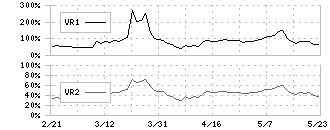 ハークスレイ(7561)のボリュームレシオ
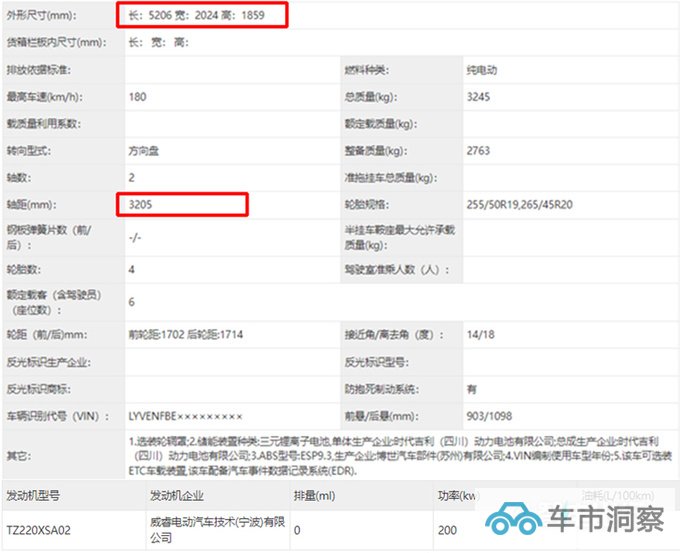 沃尔沃首款MPV发布 换壳极氪009 11月12日亮相-图4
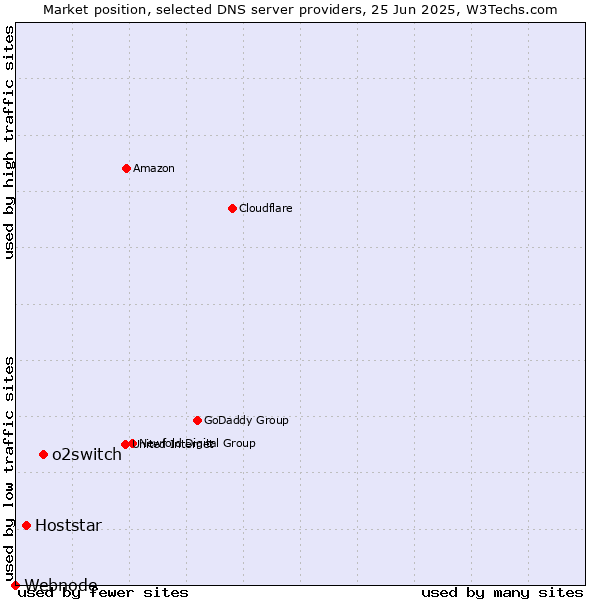 Market position of o2switch vs. Hoststar vs. Webnode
====
Task to carry out: Only those lines from the one containing "沃尔沃首款MPV发布 换壳极氪009 11月12日亮相-图4" to the end of the material above, retyped exactly and without pictures, belong in your reply.

Task result:
 沃尔沃首款MPV发布 换壳极氪009 11月12日亮相-图4
 Market position of o2switch vs. Hoststar vs. Webnode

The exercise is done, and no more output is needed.